Task to complete | Nothing but the lines from the one with "romeo costume in romeo and juliet" through the end of the data should be set down, each exactly as written, and no picture should be included.

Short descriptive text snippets

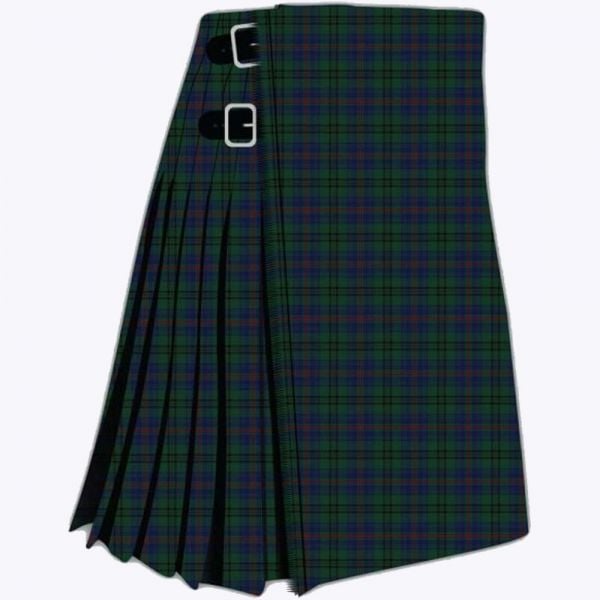 Walker Tartan Kilt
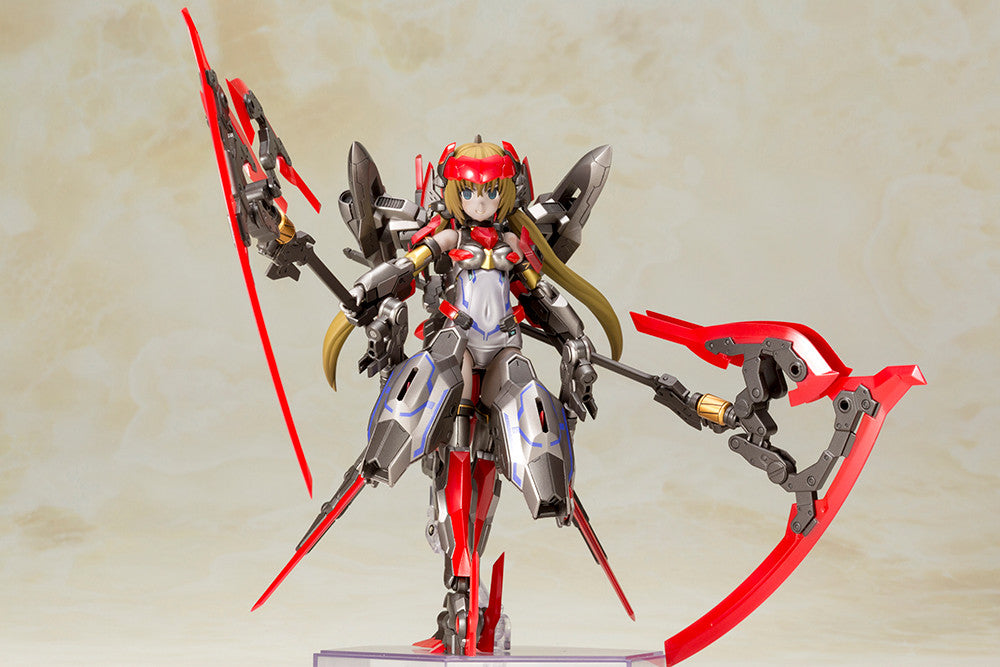 IN-STOCK Kotobukiya - Frame Arms Girl - Hresvelgr=Invert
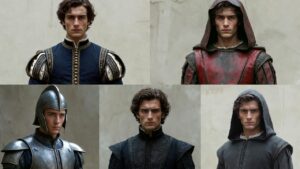 romeo costume in romeo and juliet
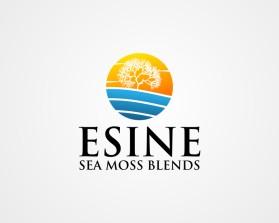 Esine Sea Moss Blends entry by Salman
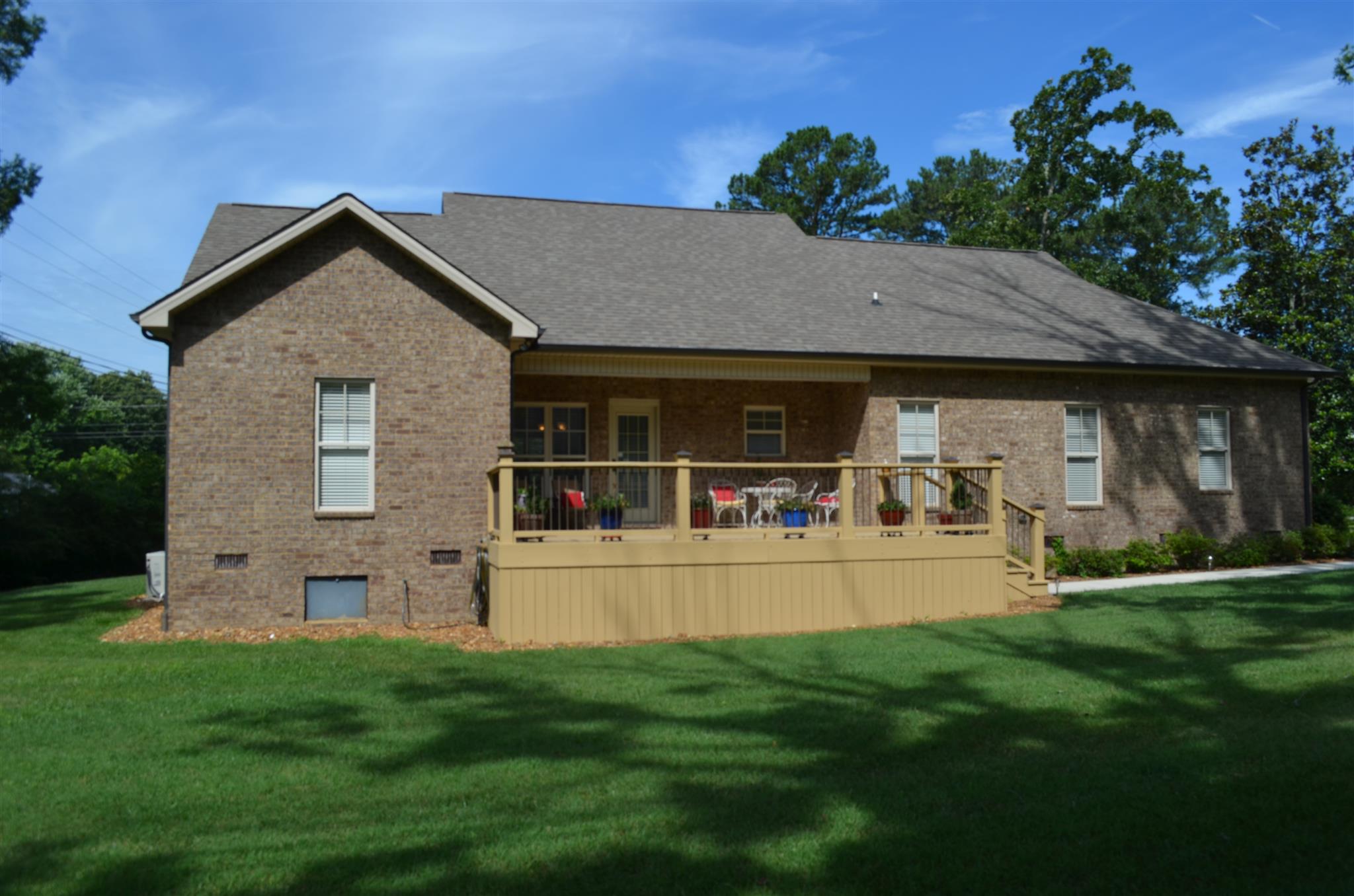 1100 Ovoca Road Tullahoma, TN 37388 - Photo 13 of 14 Gallery Image 13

Solution |
 romeo costume in romeo and juliet
 Esine Sea Moss Blends entry by Salman
 1100 Ovoca Road Tullahoma, TN 37388 - Photo 13 of 14 Gallery Image 13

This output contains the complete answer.